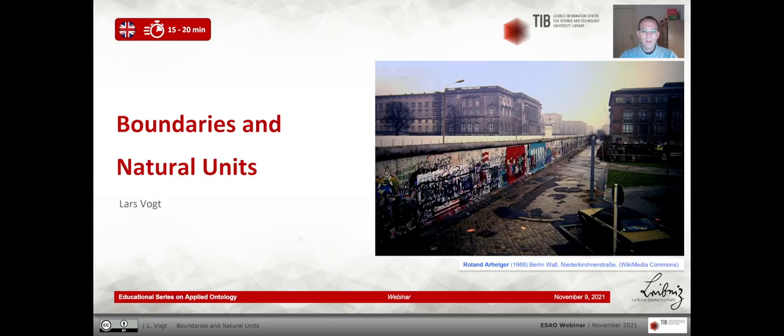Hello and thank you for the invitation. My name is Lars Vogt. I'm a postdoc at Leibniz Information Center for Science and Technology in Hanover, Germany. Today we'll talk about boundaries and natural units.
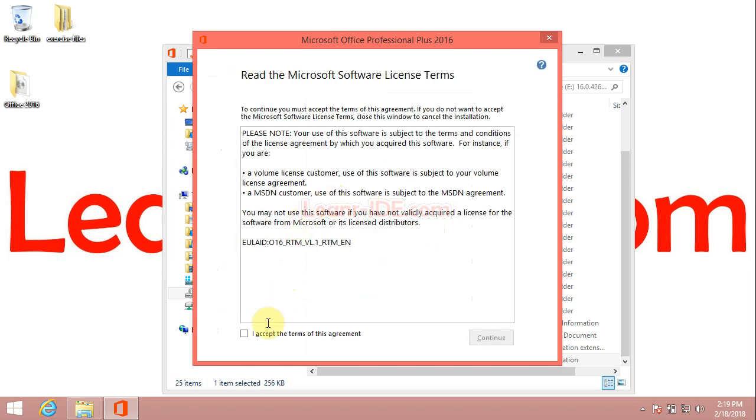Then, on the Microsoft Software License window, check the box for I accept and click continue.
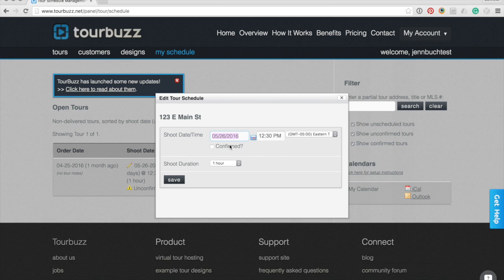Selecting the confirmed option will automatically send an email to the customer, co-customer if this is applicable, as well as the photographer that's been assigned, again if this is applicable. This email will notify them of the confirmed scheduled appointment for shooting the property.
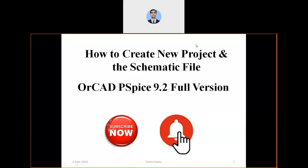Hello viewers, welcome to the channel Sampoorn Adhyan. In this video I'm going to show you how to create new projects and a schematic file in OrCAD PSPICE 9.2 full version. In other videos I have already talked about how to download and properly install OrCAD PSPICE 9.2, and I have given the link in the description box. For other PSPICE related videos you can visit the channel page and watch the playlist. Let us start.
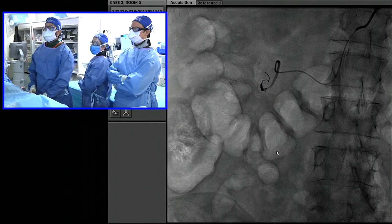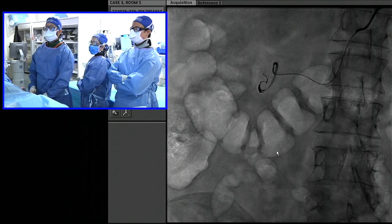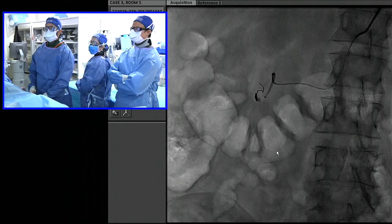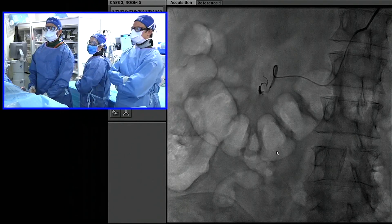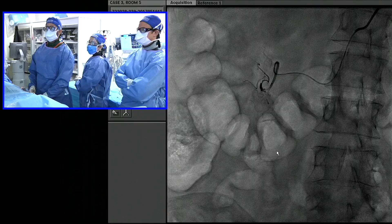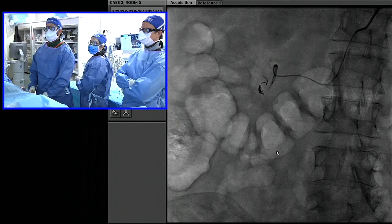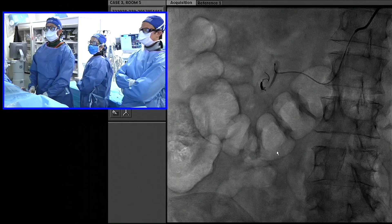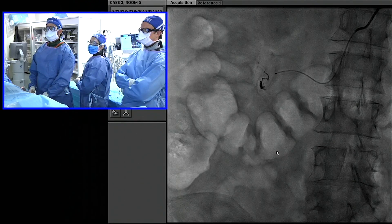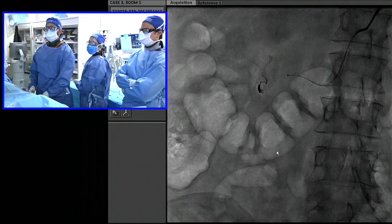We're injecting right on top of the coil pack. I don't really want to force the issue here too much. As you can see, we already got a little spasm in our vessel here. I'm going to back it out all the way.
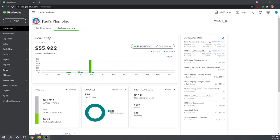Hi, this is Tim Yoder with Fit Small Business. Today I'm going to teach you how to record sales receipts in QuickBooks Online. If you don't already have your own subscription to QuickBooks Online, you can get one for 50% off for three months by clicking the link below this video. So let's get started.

---

▶ **Instructions to follow**
Using the data above, print only the lines starting at the one with "Then, on the" and ending at the one with "We're injecting right", exactly as they stand, minus the pictures.

▶ **Solved exercise**
Then, on the Microsoft Software License window, check the box for I accept and click continue.
Selecting the confirmed option will automatically send an email to the customer, co-customer if this is applicable, as well as the photographer that's been assigned, again if this is applicable. This email will notify them of the confirmed scheduled appointment for shooting the property.
Hello viewers, welcome to the channel Sampoorn Adhyan. In this video I'm going to show you how to create new projects and a schematic file in OrCAD PSPICE 9.2 full version. In other videos I have already talked about how to download and properly install OrCAD PSPICE 9.2, and I have given the link in the description box. For other PSPICE related videos you can visit the channel page and watch the playlist. Let us start.
We're injecting right on top of the coil pack. I don't really want to force the issue here too much. As you can see, we already got a little spasm in our vessel here. I'm going to back it out all the way.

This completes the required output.